В эссе «Гробницы Равенны» (1953) Бонфуа определяет весь чувственный мир как некие подмостки, «на которых вот-вот должно начаться какое-то действие»339, и сравнивает с таким «театром» всю мировую архитектуру. Сравнение это отнюдь не произвольно. Ведь это эссе - своего рода гимн камню (названному «веществом») как «означаемому» всей западной культуры, без которого никакое «означающее» (в эссе в этой роли предстает орнамент, аналог вербального, нарратива) не способно «воцариться», то есть «присутствовать» в этом месте в это время и тем самым не позволить «архетипам покинуть наш мир». Работу поэта Бонфуа неоднократно сравнивает с трудом строителя, отбирающего камни и воздвигающего их друг на друга. Таким образом, такая словесная «архитектура» может считаться создающей своего рода «амфитеатр» для игры жизни, уподобляя поэзию театральной игре.

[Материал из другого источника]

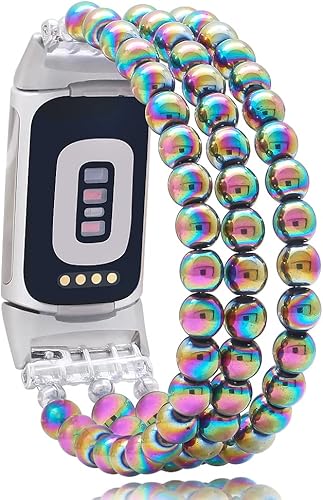 C&L Accessories Compatible con Fitbit Charge 5 bandas de piedras preciosas naturales hechas a mano ajustable pulseras de repuesto para mujeres y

Рассмотрим, как эта сторона театрализации воплощается в ранних текстах Бонфуа (поэтических текстах, становящихся местом для зрелища, для направленного взгляда на некую сцену, где разворачивается само поэтическое слово) и как она трансформируется в поздних его текстах.

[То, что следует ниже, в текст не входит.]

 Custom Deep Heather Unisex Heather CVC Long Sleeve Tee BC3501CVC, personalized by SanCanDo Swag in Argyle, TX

Первая часть пятичастной поэмы «О движении и неподвижности Дувы» (1953), названная «Театр», многократно демонстрирует динамику взгляда, типологически повторяющую театральную модель «зритель в зале - актер на сцене». Наблюдатель (Je), называющий то, что он видит на сцене, и обращающийся при этом к «актрисе», проживающей некую историю превращений, от которой он не отводит мысленного взгляда. Рефрен «Я тебя видел / увидел / вижу» (инвариант Je vois Douve, с упоминанием этого странного имени женского персонажа) повторен в 16 стихотворениях части 11 раз (не считая синонимическое «открыть, обнаружить»: Je te decouvre etendue ... Je te decouvre morte340):

«Je te voyais courir sur des terrasses,

Je te voyais lutter contre le vent.

Et je t ai vue te rompre et jouir d etre morte. »341

a chaque instant mourir»342.

«Je t ai vue ensablee au terme de la lutte...343

Je vois Douve etendue. Au plus haut de l espace Charnel je l entends bruire344.

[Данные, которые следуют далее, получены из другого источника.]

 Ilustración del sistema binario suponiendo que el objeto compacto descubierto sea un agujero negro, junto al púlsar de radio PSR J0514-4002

Je vois Douve etendue. Dans la ville ecarlate de l air Ou combattent les branches sur son visage, ou des Racines trouvent leur chemin dans son corps...345

... je vois tes yeux se corrompre...

Je te detiens froide a une profondeur ou les images ne prennent plus346.

Je vois Douve etendue. Dans une piece blanches, les Yeux cernes de platre, bouche vertigineuse et les mains Condamnees a l herbe luxuriante.347

O douee d un profil ou s acharne la terre,

Je te vois disparaitre.. 348

Demeure d un feu sombre ou convergent nos pentes ! Sous ses voutes je te vois luire, Douve immobile ; prise 342 343 344 345 346 347 348

Dans le filet vertical de la mort349.

Женский персонаж, к которому прикован взгляд, движется, борется с ветром, разбивается, наслаждается смертью, рождается, умирает, простирается (etendue повторено трижды), занимая тем самым пространство (значение глагола etendre охватывает и временное протяжение тоже) исчезает, светит, оставаясь неподвижной - иными словами проходит все возможные для органической природы трансформации, становясь при этом архетипической богоподобной фигурой, приковывающей взгляд. Все метаморфозы происходят «на территории» наблюдаемого женского персонажа. Из-за чередования глагольных форм настоящего и прошедшего времени от глагола «видеть» невозможно сказать, что есть подлинное зрелище, а что «видение» воображения и памяти.

В четвёртой части поэмы с названием «Оранжерея» взгляд, «отрекшийся от ночи» (СЄ regard qui meconnait la nuit350), то есть смерти (которая согласно гегелевскому эпиграфу к поэме, является гарантом жизни духа), назван «праздным», а пространство, где он царит, «землёй забвения» (terre d oubli351). Это пространство ассоциируется у Бонфуа с образом оранжереи, описанной в повести «Внутренняя область»: оно предстает как обиталище «хранительницы места»352 с улыбкой одновременно и Анны и Марии с картины Леонардо да Винчи «Святая Анна с Мадонной и младенцем Христом»353. Оранжерея, суррогат «истинного места» у Бонфуа есть место бегства, приверженности абсолютным Идеям, «чистым», в отличие от запятнанного смертной природой бытия.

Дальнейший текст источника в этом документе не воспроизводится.